### Short descriptive text snippets:
------------------------------------
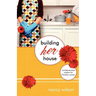 Building Her House: Commonsensical Wisdom for Christian Women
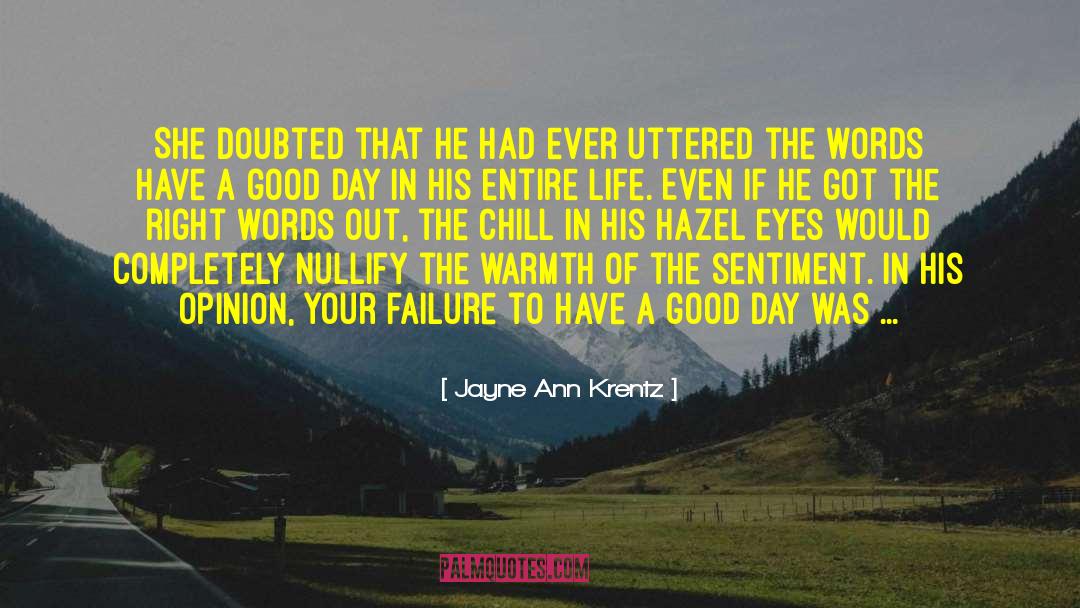 Good Hazel Eyes quotes by Jayne Ann Krentz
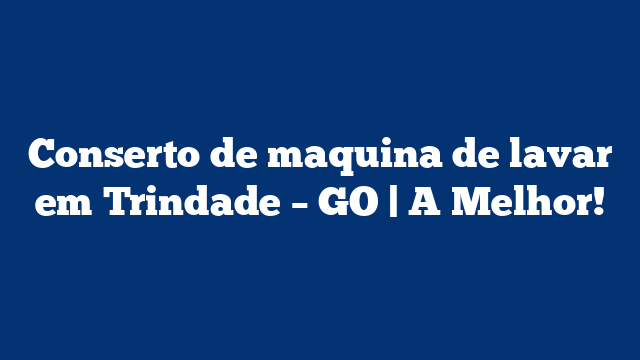 Conserto de maquina de lavar em Trindade – GO | A Melhor!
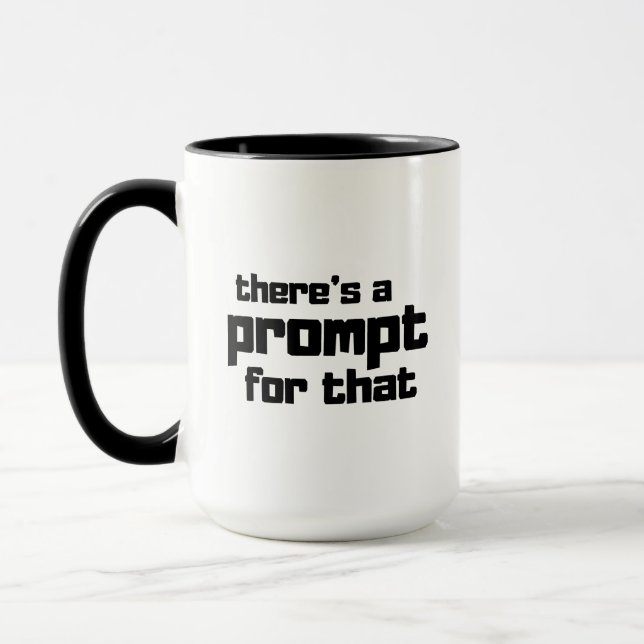 Funny Prompt Engineer AI Enthusiast Quote  Mug (Left)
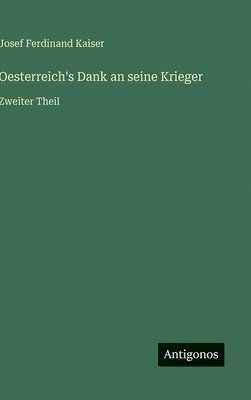Oesterreich's Dank an seine Krieger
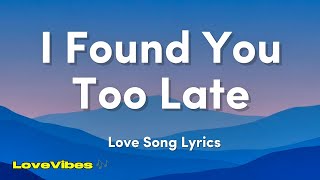 I Found You Too Late  Love Song s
------------------------------------
### Task to carry out:
With the images left out, set down every entry exactly.

### Response:
 Building Her House: Commonsensical Wisdom for Christian Women
 Good Hazel Eyes quotes by Jayne Ann Krentz
 Conserto de maquina de lavar em Trindade – GO | A Melhor!
 Funny Prompt Engineer AI Enthusiast Quote  Mug (Left)
Oesterreich's Dank an seine Krieger
 I Found You Too Late  Love Song s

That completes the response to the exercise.